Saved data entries
════

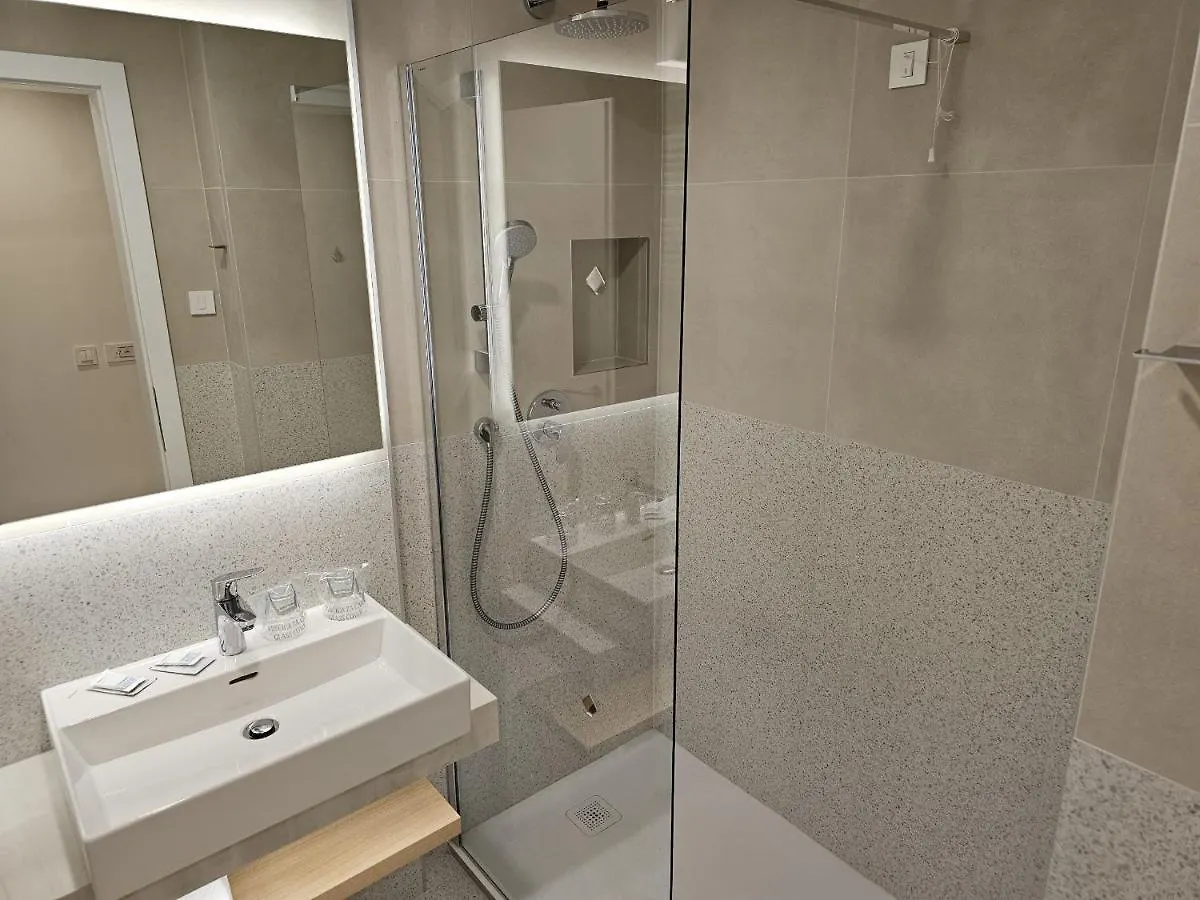 Family Hotel Adria Biograd Na Moru
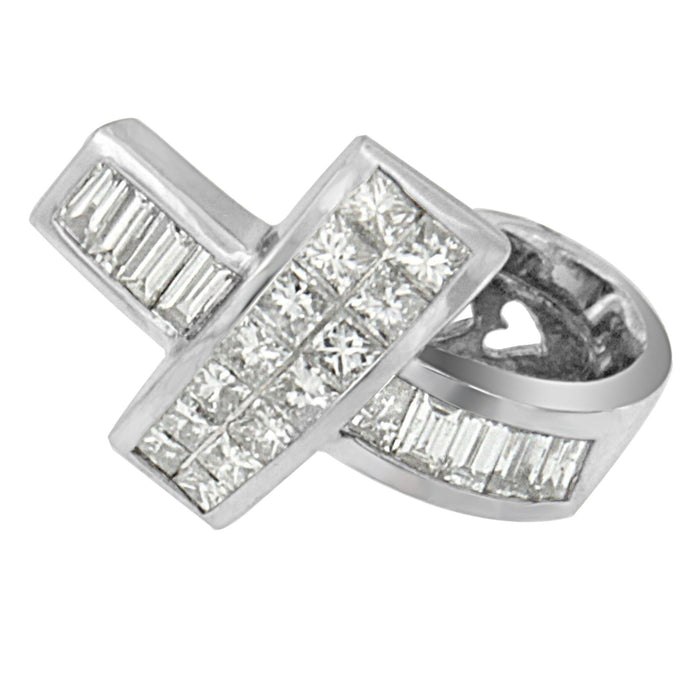 Collar con colgante de cinta con diamantes talla princesa y baguette de 2 ct. p.t. en oro blanco de 14K, foto 5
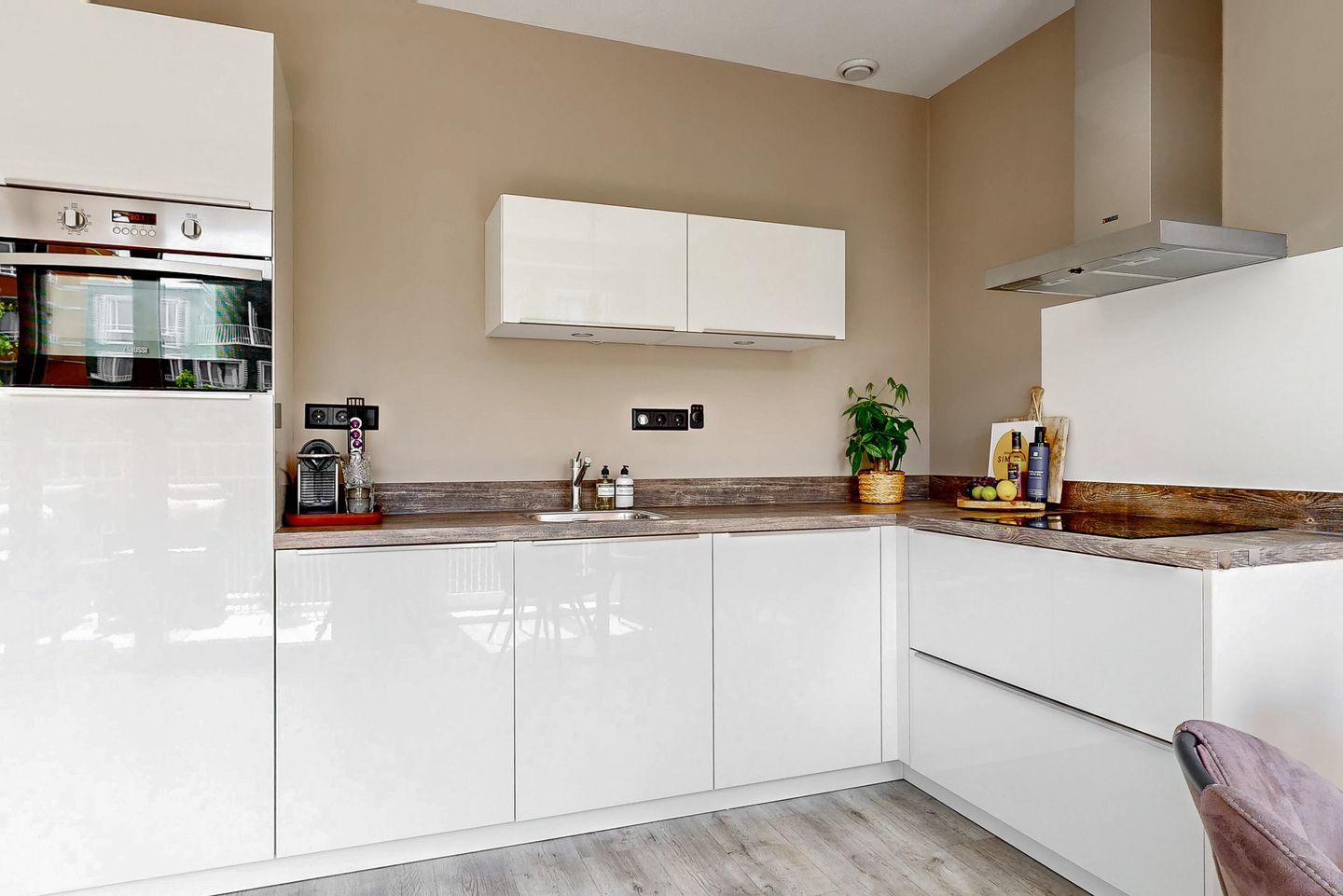 Foto 14 van Londenstraat 16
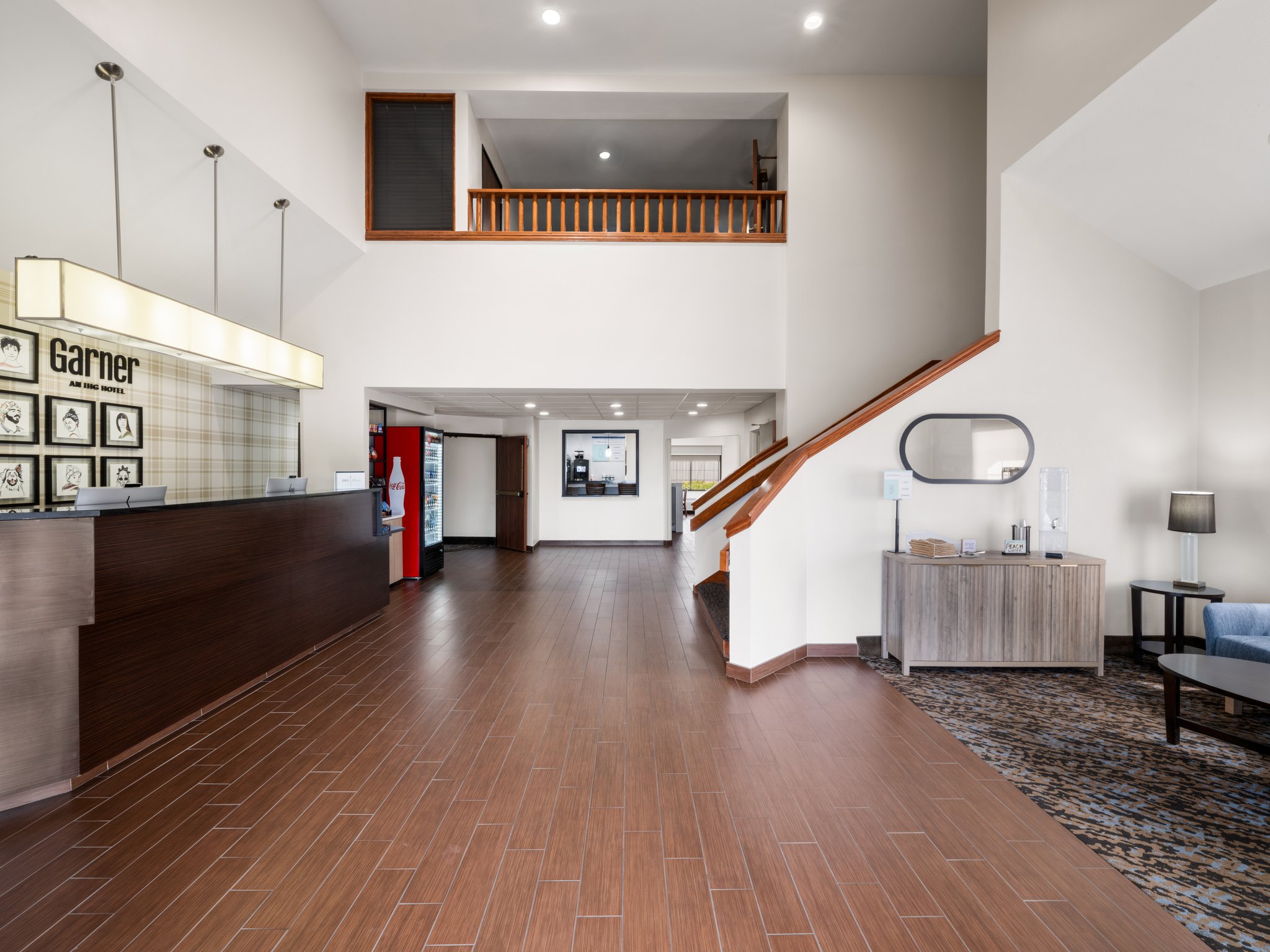 Garner Hotel Topeka West by IHG Image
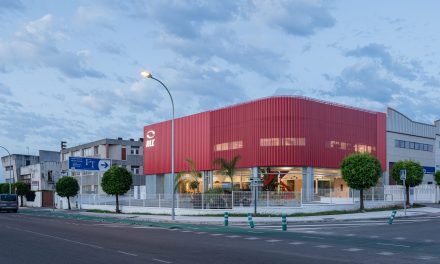 Reondo transforma una antigua nave industrial en el edificio corporativo de RLC en Sevilla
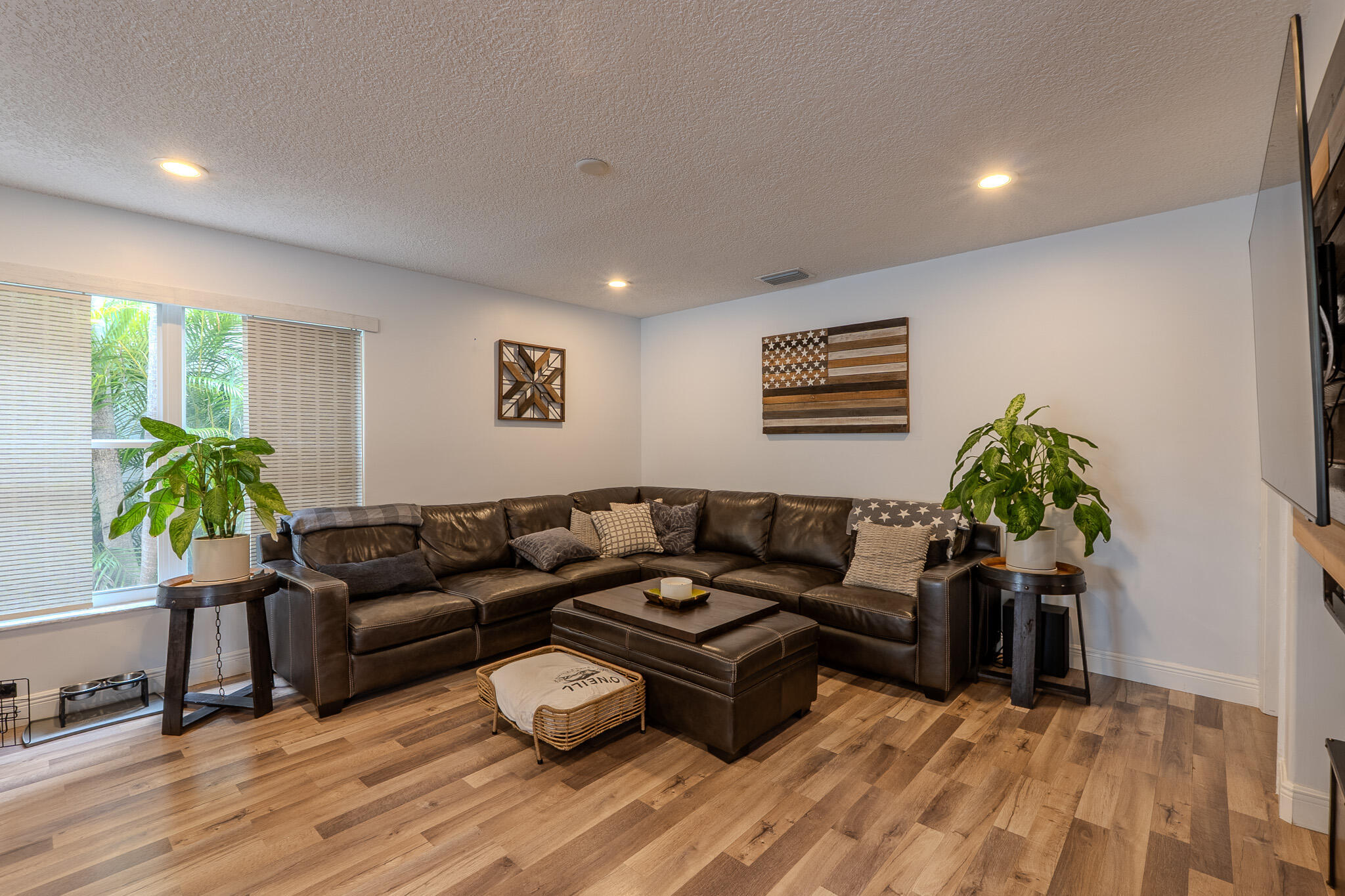 6359 Harbour Star Drive Property Photo 12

════

- [Exercise details]
Every line between the one containing "Collar con colgante" and the last line of the data above, both included, should be copied exactly, but not the pictures.

- [Answer area]
 Collar con colgante de cinta con diamantes talla princesa y baguette de 2 ct. p.t. en oro blanco de 14K, foto 5
 Foto 14 van Londenstraat 16
 Garner Hotel Topeka West by IHG Image
 Reondo transforma una antigua nave industrial en el edificio corporativo de RLC en Sevilla
 6359 Harbour Star Drive Property Photo 12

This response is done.